Introduction To The Chi-Square Distribution
03 Jan 2018Prologue To The Chi-Square Distribution
From The Gamma Distribution To The Chi-Square Distribution
Be recalled that we have gamma function and the PDF of the gamma distribution:
➀$\Gamma(\alpha)$=$\int_0^\infty x^{\alpha-1}\cdot e^{-x}\operatorname dx$, where $\alpha>0$.
➁$f(x)=\frac {1}{\beta^{\alpha}\cdot\Gamma(\alpha)}\cdot x^{\alpha-1}\cdot e^{-\frac{x}{\beta}}$, where $\alpha>0$, $\beta>0$Next, we take $\alpha=\frac\nu2$, $\beta=2$, we turn the PDF function into below expression:
$f(x)=\frac {1}{2^{\frac \nu2}\cdot \Gamma(\frac \nu2)}\cdot x^{\frac \nu2 -1}\cdot e^{-\frac {x}{2}}$, for $x>0$
, where $\nu$ is a positive integer, and this is the chi-square PDF.It is just a special case of the gamma distribution with $\alpha=\frac\nu2$, $\beta=2$, and $\nu$ is the degree of freedom.

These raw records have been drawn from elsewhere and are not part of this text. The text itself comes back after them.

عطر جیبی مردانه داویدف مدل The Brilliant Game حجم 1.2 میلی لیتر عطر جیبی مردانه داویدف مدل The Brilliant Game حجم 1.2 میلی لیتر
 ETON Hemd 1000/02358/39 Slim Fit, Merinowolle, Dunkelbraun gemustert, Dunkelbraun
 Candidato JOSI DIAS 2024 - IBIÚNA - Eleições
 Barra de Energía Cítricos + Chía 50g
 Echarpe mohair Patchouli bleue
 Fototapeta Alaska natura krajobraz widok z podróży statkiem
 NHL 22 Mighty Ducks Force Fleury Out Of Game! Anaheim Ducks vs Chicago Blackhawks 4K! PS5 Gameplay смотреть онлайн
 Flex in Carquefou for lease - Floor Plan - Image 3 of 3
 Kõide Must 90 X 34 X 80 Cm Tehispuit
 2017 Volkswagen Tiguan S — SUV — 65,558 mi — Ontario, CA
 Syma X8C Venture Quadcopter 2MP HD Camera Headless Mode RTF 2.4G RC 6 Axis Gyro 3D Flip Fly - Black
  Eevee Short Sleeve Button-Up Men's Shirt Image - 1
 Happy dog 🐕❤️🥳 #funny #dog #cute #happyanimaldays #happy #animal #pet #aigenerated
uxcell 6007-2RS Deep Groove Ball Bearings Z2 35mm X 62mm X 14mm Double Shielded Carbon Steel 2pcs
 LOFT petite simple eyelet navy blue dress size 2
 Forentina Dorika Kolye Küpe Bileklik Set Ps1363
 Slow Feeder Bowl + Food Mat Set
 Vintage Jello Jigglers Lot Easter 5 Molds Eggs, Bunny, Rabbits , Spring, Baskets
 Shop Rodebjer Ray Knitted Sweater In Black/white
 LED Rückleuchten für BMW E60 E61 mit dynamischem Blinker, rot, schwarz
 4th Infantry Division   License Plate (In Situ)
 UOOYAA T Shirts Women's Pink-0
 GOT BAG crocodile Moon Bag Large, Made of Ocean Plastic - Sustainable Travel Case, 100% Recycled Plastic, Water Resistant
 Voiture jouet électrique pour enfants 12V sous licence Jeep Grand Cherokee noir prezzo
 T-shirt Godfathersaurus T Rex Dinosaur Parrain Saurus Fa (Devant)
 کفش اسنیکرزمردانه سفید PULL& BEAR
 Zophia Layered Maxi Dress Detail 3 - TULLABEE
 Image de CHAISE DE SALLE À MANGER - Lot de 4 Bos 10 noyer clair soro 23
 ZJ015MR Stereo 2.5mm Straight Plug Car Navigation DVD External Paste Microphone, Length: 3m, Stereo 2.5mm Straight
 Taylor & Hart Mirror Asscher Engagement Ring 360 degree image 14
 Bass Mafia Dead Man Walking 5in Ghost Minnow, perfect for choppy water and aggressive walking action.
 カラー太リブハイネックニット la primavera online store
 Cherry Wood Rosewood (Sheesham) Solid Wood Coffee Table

The Chi-Square Distribution Is Right-Skew
As degree of freedom increases, chi-square distribution would approximate the normal distribution.You can easily see that as $\nu$ increases, the distribution of chi-square changes.
Gradually, it will approximate the normal distribution.
The Chi-Square And The MGF, Why?
Because by means of the moment, we can easily figure out the $E\lbrack X\rbrack$, $E\lbrack X^2\rbrack$, $E\lbrack X^3\rbrack$ with 1st, 2nd, 3rd order of differentiation.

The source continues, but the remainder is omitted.